Specifically, Dr. Kite talks about the importance of allocating some of your budget to signposts: paid ads that help you navigate to buy something you’re already looking for. A signpost could be a paid search ad in Google or on a retailer’s search page, or affiliate links that lead you to a checkout.

“In my opinion, you must get the availability and visibility thing right before you start advertising for those who don’t know you. If your bottom-of-funnel is not watertight, why lead customers there? There's no point in doing brand campaigns and activations if people can’t find you,” she says.

How to allocate your budget for the “third thing”

And now for the grand reveal: How much should we spend on online visibility? 

“There’s no rule of thumb how much the third allocation should be – not yet. But we can already see that in the UK, companies are spending more of their budget on signposts than ever before”.

Evidence also shows that ROI is maximized if advertisers spend 5-10 % of the company’s revenue on advertising. Almost everyone is still spending less, and in the wrong places, as many of us are still measuring mostly last-click attribution.

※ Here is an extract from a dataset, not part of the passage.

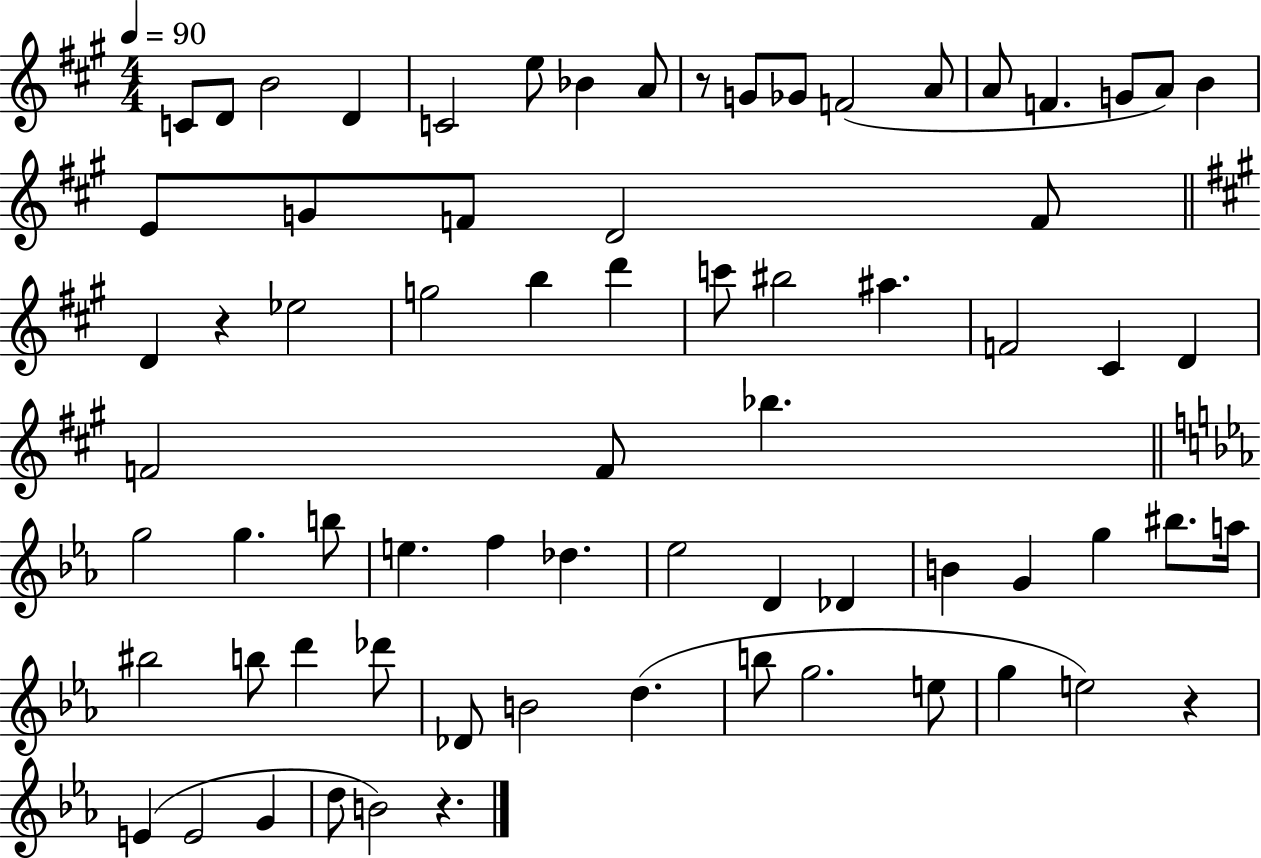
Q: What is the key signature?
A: A major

“Last-click attribution is not a useful metric when deciding where to allocate your budget, as it only gives credit to the last ad someone’s clicked on before buying. It does not consider the brand ads you’ve seen on TV or the magazine ad saying there’s a sales campaign. Focusing too much on last click attribution can make you waste 35 % of sales,” Dr. Kite states.

No need to worry though, as Dr. Kite has a solution: econometrics, which is the most effective way to measure your campaigns throughout the buyer’s journey.

Brand building tomorrow 

What else should we consider than signposting and measuring our campaigns better? Looking ahead, Dr. Kite envisions a future where short-form digital videos and influencer marketing take center stage. As younger generations eschew traditional media, brands must adapt their strategies accordingly.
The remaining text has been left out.